Here is a link to a report to the short-lived City Council of Roxbury detailing the possible locations of city-owned sewers. In my day job, I am a water professional with a special focus on wastewater, so this report is near to my heart. We are blessed to have a functional water and sewerage infrastructure in this country, largely thanks to the efforts of people 100 or more years ago—people like the authors of this report. Since most of us have never known water scarcity or experienced waterborne disease, we tend to take these public works projects for granted.
One of the reasons settlers chose Roxbury in the 1630s was its pure source of water at the Smelt Brook. The Smelt Brook, long since entirely culverted and forgotten, was named for the abundant smelt that populated it. As described in this book, it started at May’s Pond (which has also been wiped off the map) near the intersection of Quincy and Warren Street. It wound its way through the flat area that is now the Mall of Roxbury and the houses just west of it, past the intersection of Walnut and Dale by the northeast corner of Malcolm X park, and flowed along the path of what is now Washington Street towards Dudley. Unfortunately, that brook went on to become a sewer, as did so many others including the nearby Stony Brook.

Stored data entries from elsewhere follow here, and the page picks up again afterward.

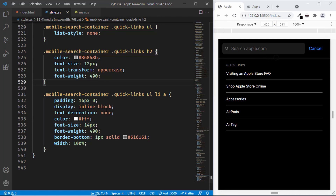That's it with the search form and the quick links. In the next video, we will see how to animate everything and use some JavaScript to make it interactive. If you have any doubts, ask in the comments below. If you like this video, please click the like button and subscribe to the channel for the latest updates. Thanks a lot for watching. Have a nice day.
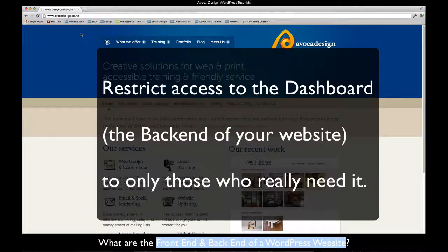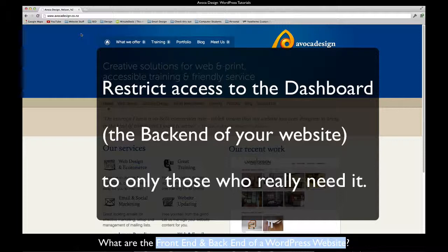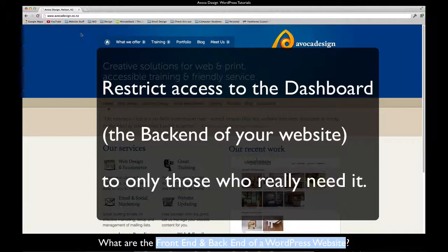It is important to restrict access to the dashboard because changes here alter the front end of your website. Grant access only to those who really need it, because changes and additions need to be made with care.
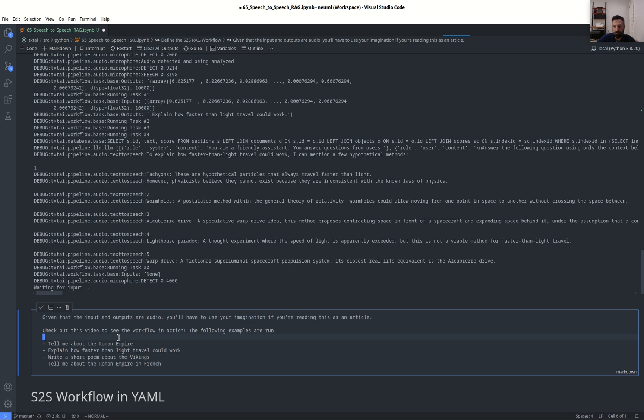This is under the assumption that a configurable energy density field lower than that of vacuum negative mass could be created. Fourth, tachyon paradox, a fault experiment where the speed of light is apparently exceeded, but this is not a viable method for faster than light travel.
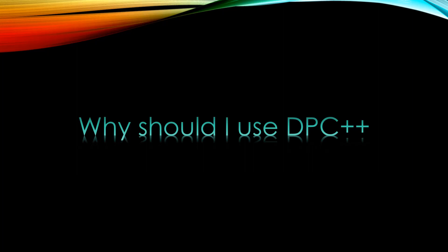DPC++ solves this problem. It simplifies heterogeneous programming.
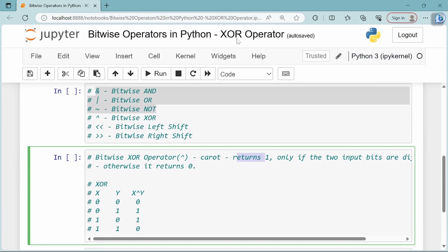Hello everyone, this video is about the bitwise XOR operator. Previous videos covered bitwise AND, OR, and NOT.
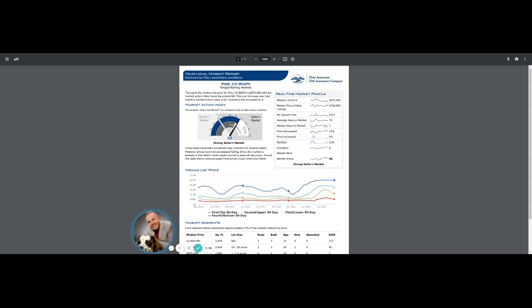Again, we have other areas that we've broken out here in the foothills and the western part of the Denver Metro, Lakewood, Littleton. We do also have Evergreen, Conifer, and Bailey that we've posted out as well.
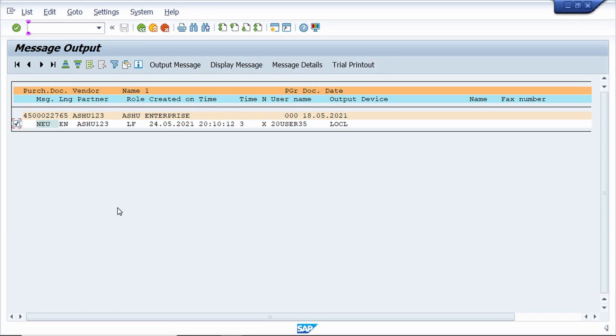Hi, in today's tutorial I am going to show how to convert a spool request to PDF. First, I am generating the spool request by printing the purchase order.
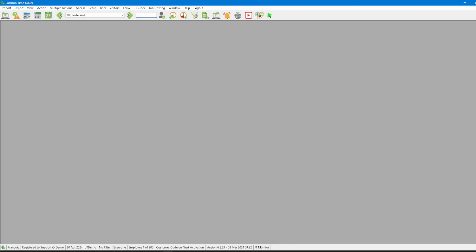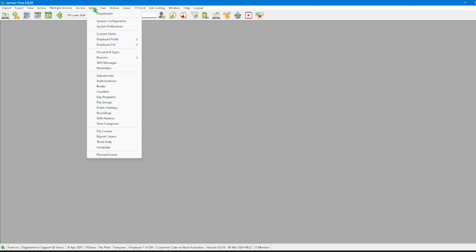After logging into the software we need to navigate over to the menu bar and click on setup, followed by reasons, and then manual clocking reasons.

This report is interesting for a number of reasons. First, it paints a picture of Roxbury in the middle of its years as a city, during a period of rapid growth, a city struggling to build new infrastructure as it changed from a small farming town to a major industrial center. It’s also a fascinating snapshot of Roxbury in 1858, before the filling of the Back Bay and South Bay, when the town still had water borders and a town dock. And of course, it’s a gold mine for sewer nerds like me.
Bear in mind when you’re reading this that many of the street names have changed or streets have been rerouted since this pamphlet was written. For instance, what we now call Washington Street was then Shawmut Avenue. What is now Roxbury Street was then Washington Street. The closest map I know to this time is from 1873, and although things were changing fast the map and report are close enough in time to be useful to each other. If you’re confused, a look at the index map might be helpful.